▸ PROVIDED MATERIAL

○ ○ ○

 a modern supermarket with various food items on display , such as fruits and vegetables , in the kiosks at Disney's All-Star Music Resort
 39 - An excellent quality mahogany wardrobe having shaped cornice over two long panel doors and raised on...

○ ○ ○

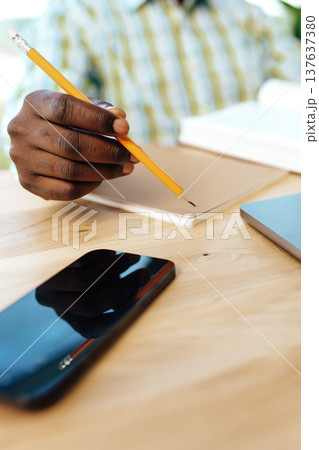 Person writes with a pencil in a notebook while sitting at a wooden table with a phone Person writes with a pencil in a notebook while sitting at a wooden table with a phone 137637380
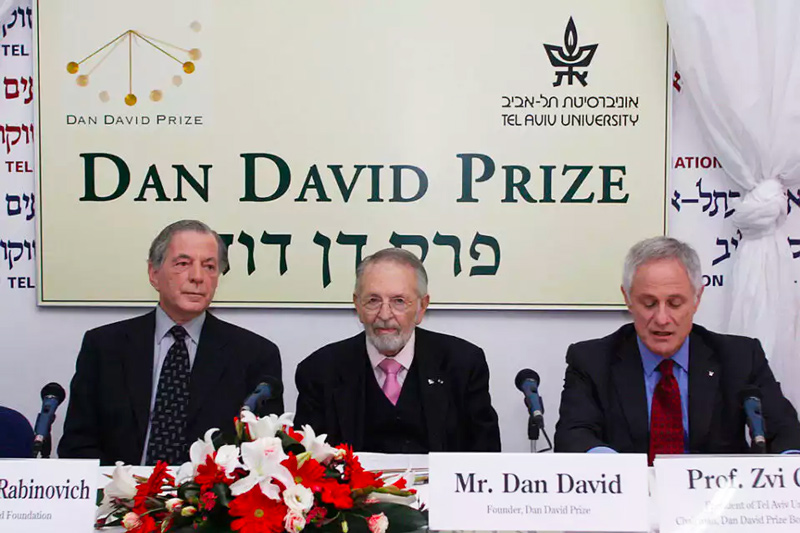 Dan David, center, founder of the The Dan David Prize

○ ○ ○

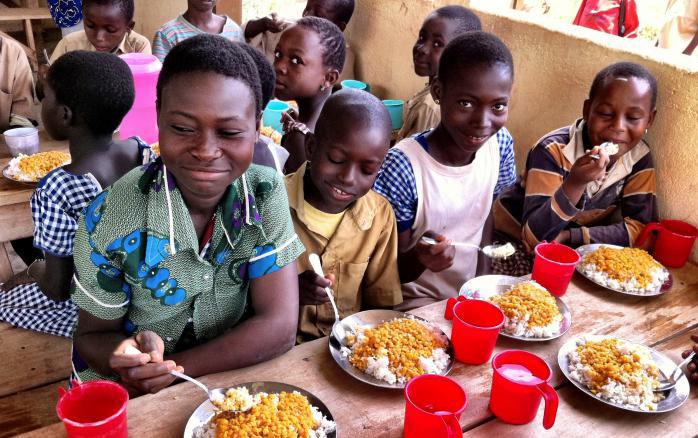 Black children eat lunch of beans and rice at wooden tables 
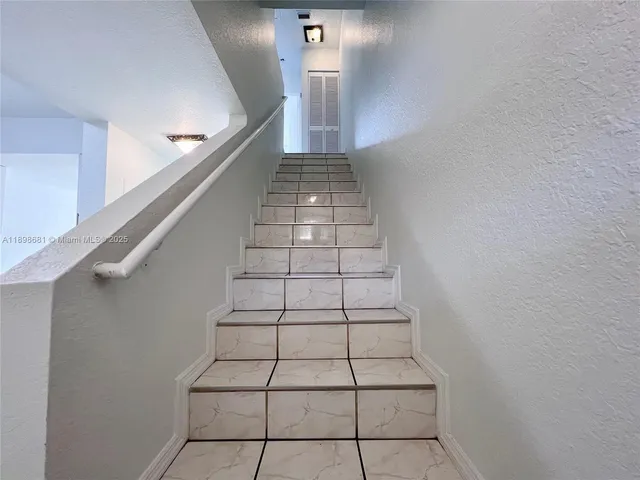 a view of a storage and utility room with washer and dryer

○ ○ ○

▸ TASK ITEM
Lines to set down from above: the line with "a modern supermarket", the line with "39 - An excellent", and every line between, each exactly as written.

▸ EXERCISE OUTPUT
 a modern supermarket with various food items on display , such as fruits and vegetables , in the kiosks at Disney's All-Star Music Resort
 39 - An excellent quality mahogany wardrobe having shaped cornice over two long panel doors and raised on...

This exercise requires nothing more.